Task to carry out: The whole set of entries is to be restated word for word.

▶

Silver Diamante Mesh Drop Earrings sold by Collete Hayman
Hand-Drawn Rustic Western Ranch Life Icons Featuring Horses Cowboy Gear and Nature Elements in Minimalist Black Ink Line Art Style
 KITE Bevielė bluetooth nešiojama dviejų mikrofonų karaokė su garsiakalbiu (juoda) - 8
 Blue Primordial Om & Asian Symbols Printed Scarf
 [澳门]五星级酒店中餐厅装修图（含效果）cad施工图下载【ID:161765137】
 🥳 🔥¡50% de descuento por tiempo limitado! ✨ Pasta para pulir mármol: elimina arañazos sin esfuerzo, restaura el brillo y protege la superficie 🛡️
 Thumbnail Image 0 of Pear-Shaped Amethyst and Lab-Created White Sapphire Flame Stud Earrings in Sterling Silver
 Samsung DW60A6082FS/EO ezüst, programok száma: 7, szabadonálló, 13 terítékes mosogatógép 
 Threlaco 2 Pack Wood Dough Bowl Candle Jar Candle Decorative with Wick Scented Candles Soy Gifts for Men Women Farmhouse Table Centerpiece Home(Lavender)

◀

Result of the task:
Silver Diamante Mesh Drop Earrings sold by Collete Hayman
Hand-Drawn Rustic Western Ranch Life Icons Featuring Horses Cowboy Gear and Nature Elements in Minimalist Black Ink Line Art Style
 KITE Bevielė bluetooth nešiojama dviejų mikrofonų karaokė su garsiakalbiu (juoda) - 8
 Blue Primordial Om & Asian Symbols Printed Scarf
 [澳门]五星级酒店中餐厅装修图（含效果）cad施工图下载【ID:161765137】
 🥳 🔥¡50% de descuento por tiempo limitado! ✨ Pasta para pulir mármol: elimina arañazos sin esfuerzo, restaura el brillo y protege la superficie 🛡️
 Thumbnail Image 0 of Pear-Shaped Amethyst and Lab-Created White Sapphire Flame Stud Earrings in Sterling Silver
 Samsung DW60A6082FS/EO ezüst, programok száma: 7, szabadonálló, 13 terítékes mosogatógép 
 Threlaco 2 Pack Wood Dough Bowl Candle Jar Candle Decorative with Wick Scented Candles Soy Gifts for Men Women Farmhouse Table Centerpiece Home(Lavender)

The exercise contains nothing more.